Short web captions:
===
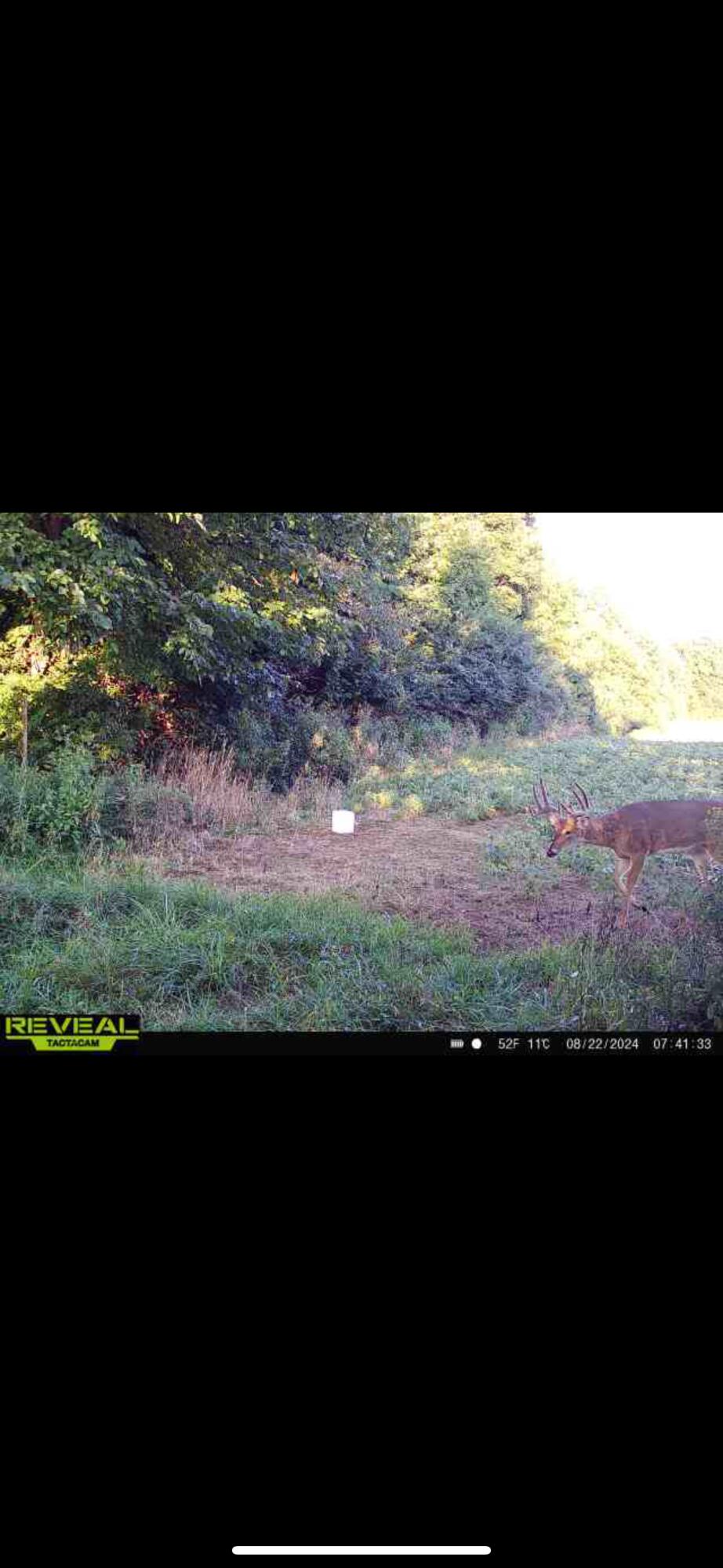 0 County Road 10, Bellefontaine, Ohio 43311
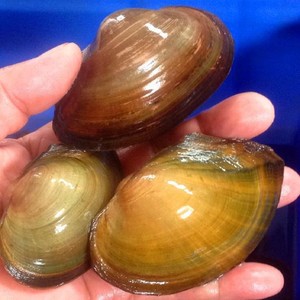 2个黄金河蚌8.8元【包邮】鳑鲏繁殖专用黄金野生的河蚌4-6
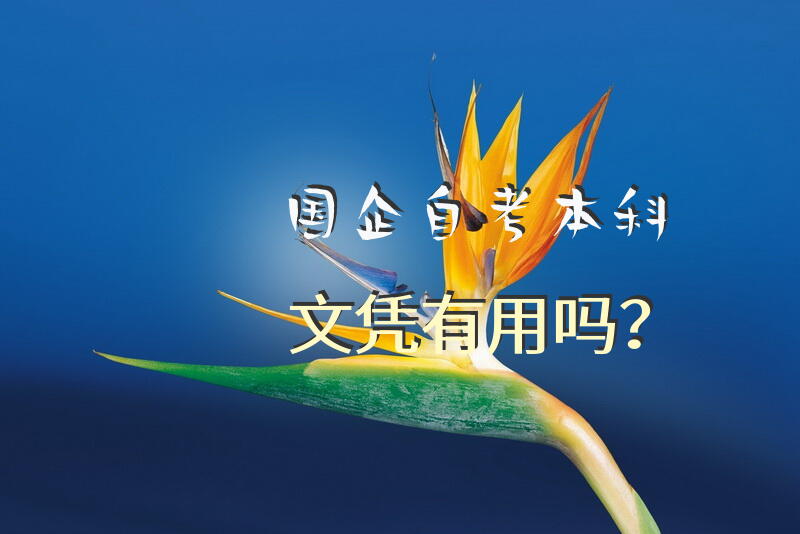 国企自考本科文凭有用吗？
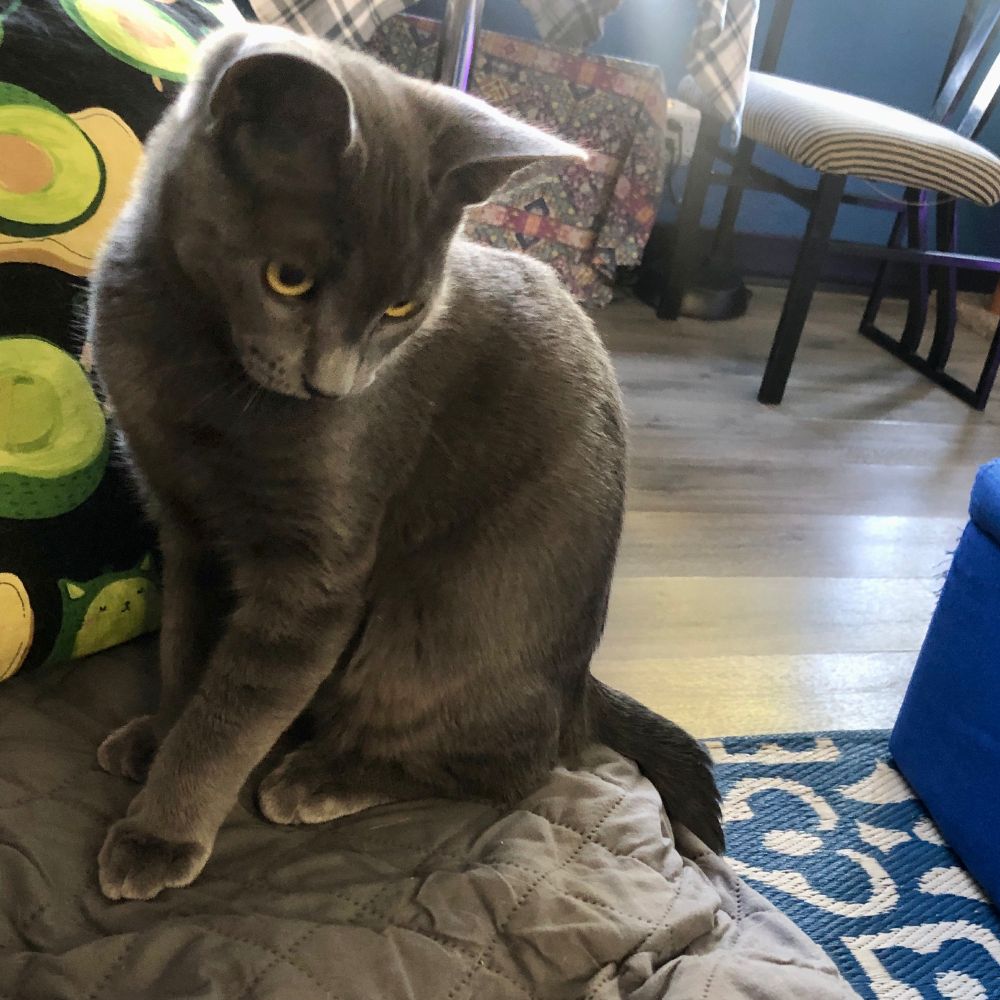Grey kitten with yellow eyes sitting on couch beside "avocato" pillow, looking down at a toy. 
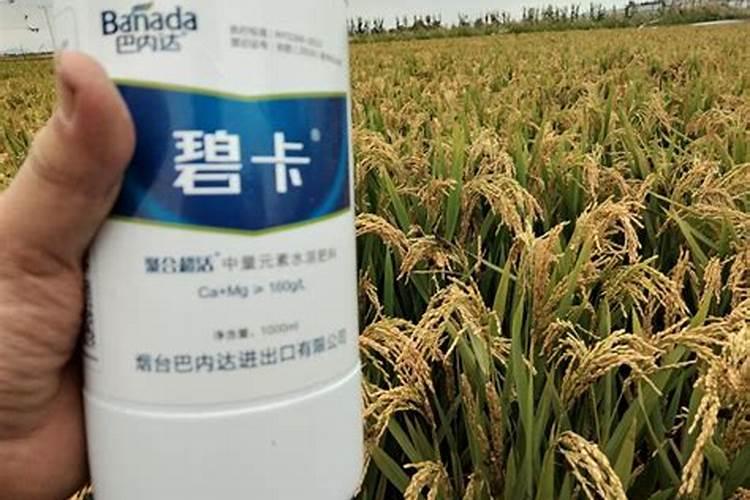 中量元素水溶肥的作用与功效 中量元素水溶肥什么时候用合适
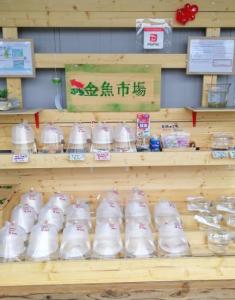 ぷち金魚市場(1)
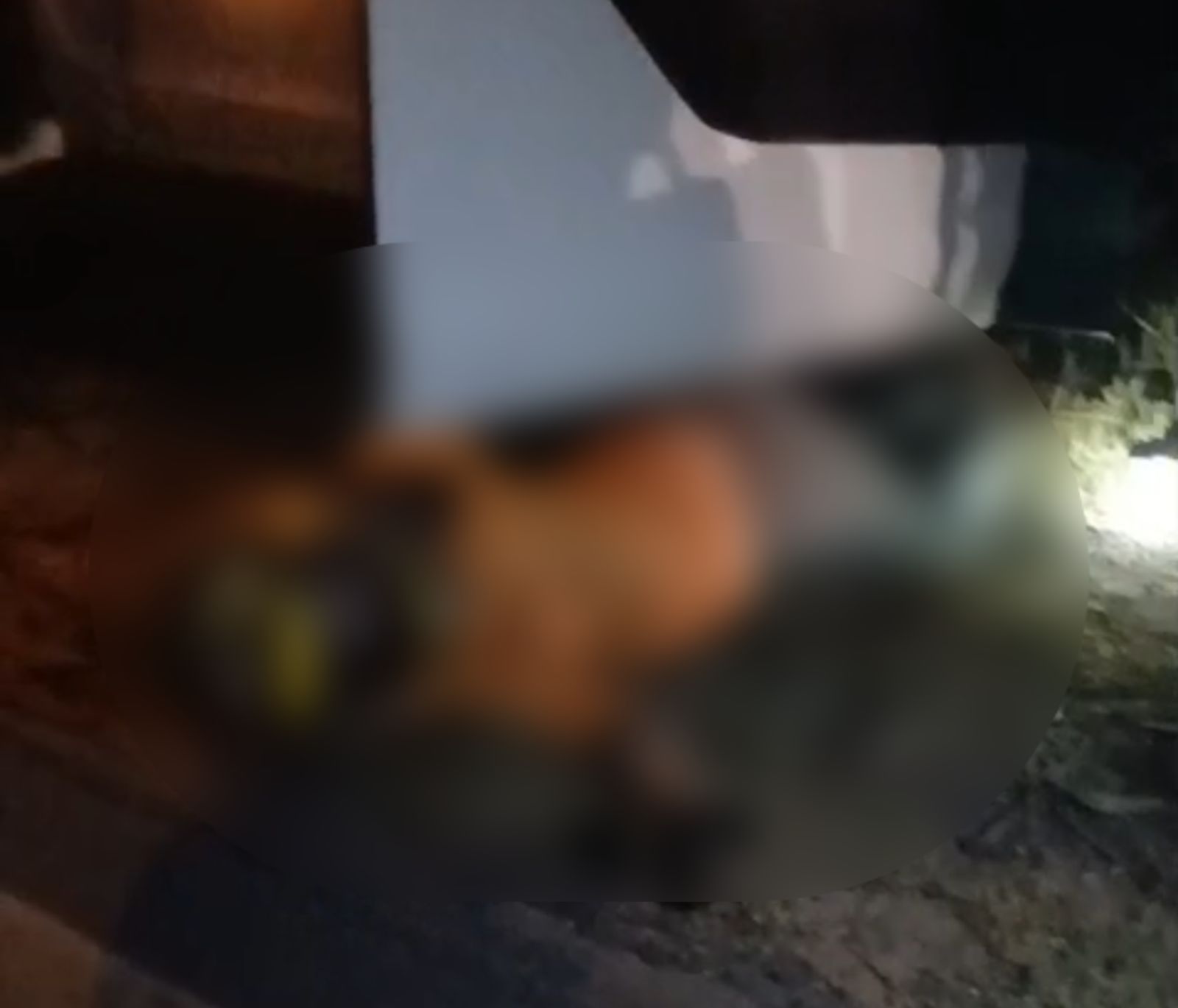 Imagem - Vídeo: mototaxista morre após colidir com ônibus em estrada no Pará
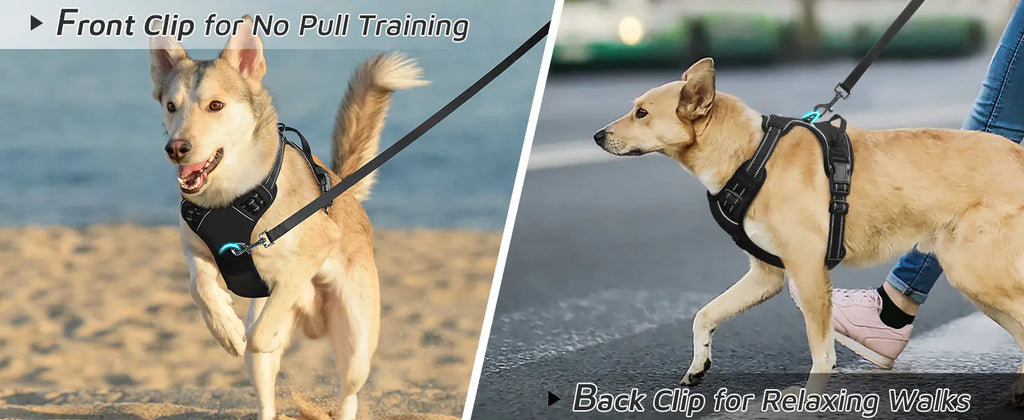 Teddy's Fund Fur Vest Chest Strap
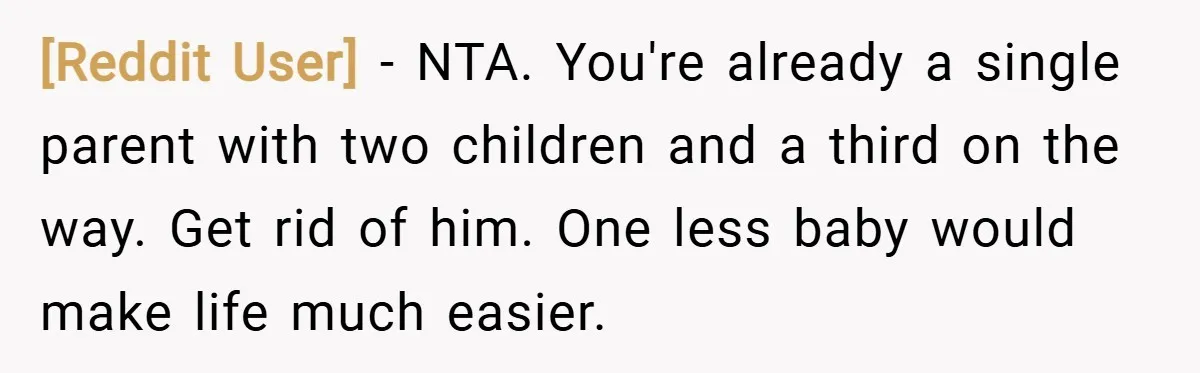 [Reddit User] − NTA. You're already a single parent with two children and a third on the way. Get rid of him. One less baby would make life much easier.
===
**Work task**. Give back the lines from the one containing "2个黄金河蚌8.8元【包邮】鳑鲏繁殖专用黄金野生的河蚌4-6" through the last line of the records above exactly as they appear, both included, and no pictures.

**Answer to this exercise**.
 2个黄金河蚌8.8元【包邮】鳑鲏繁殖专用黄金野生的河蚌4-6
 国企自考本科文凭有用吗？
Grey kitten with yellow eyes sitting on couch beside "avocato" pillow, looking down at a toy. 
 中量元素水溶肥的作用与功效 中量元素水溶肥什么时候用合适
 ぷち金魚市場(1)
 Imagem - Vídeo: mototaxista morre após colidir com ônibus em estrada no Pará
 Teddy's Fund Fur Vest Chest Strap
 [Reddit User] − NTA. You're already a single parent with two children and a third on the way. Get rid of him. One less baby would make life much easier.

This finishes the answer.